The central and flawed premise for the Health Bill is that it will
enable pharmacists to fulfil their wider, more clinical role. The Department
of Health fails to understand that the on-site consulting room is from
where the extra services can and should be delivered. Most community pharmacists
want to undertake wider clinical roles. So, yes, enable us to walk out
of the dispensary and into the on-site consulting room. We want to work
in professional surroundings with two pharmacists practising side by side,
and, no, we do not want to delegate some critical tasks to technicians
for which we as responsible (or duty) pharmacists are ultimately liable.
And the public wants to see and have access to the pharmacist in the shop.
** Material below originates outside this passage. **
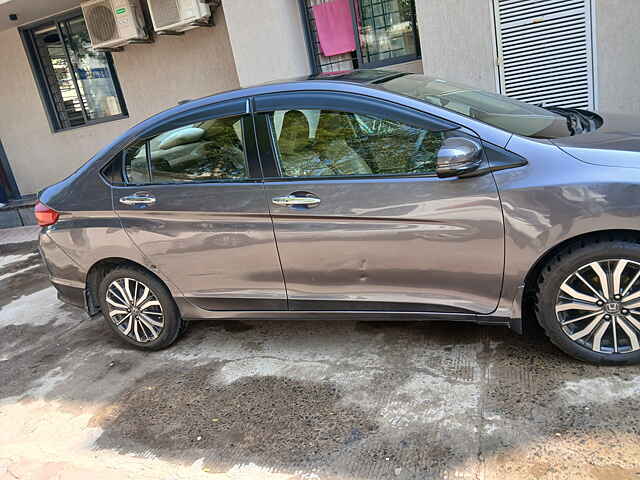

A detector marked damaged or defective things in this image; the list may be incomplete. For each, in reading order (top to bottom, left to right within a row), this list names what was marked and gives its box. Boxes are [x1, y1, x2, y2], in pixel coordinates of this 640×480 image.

cracked concrete slab [1, 232, 640, 476]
The usual arguments are made about shortages of pharmacists and lack of
resources but there are many pointers that show that this needs more lateral
thought. Gidman et al (PJ, 2
June, p645) found that a minority of women
pharmacists expressed an intention to quit the profession or to stop working
because of dissatisfaction with remuneration. The report concludes (in
part): “Our findings suggest that it might not pay some women, particularly
those working in low-paid roles and who pay for child care, to work as
community pharmacists.” The relevance of this is that 41 per cent
of women pharmacists work only part time, many in low-paid roles. Now consider
that 65 per cent of new pharmacists are women, and factor in the new schools
of pharmacy, and the extra women pharmacists they will produce may end
up working part time or quitting the profession. What an abject waste of
talent and resources!
With regard to money, we have the DoH’s own figures showing that,
on average, a pharmacy makes £180,000 net NHS profit. Many make much
more and multiples boast that they can pay up to £4m in goodwill
for high volume and high stress prescription factories. The cost of carrying
this burden is £200,000 at 5 per cent — the salaries of several
extra pharmacists. Surely some of these wasted millions should be used
for better pay and working conditions (paid child care, better training
opportunities, etc) for women pharmacists who are over-represented at the
lowest level of employment.
I would urge my colleagues to respond to the current Royal Pharmaceutical
Society consultation on this issue and ensure that although pharmacists
welcome the chance to walk out of the dispensary we are not forced to carry
on the walk — out of the shop and into obscurity and unemployment.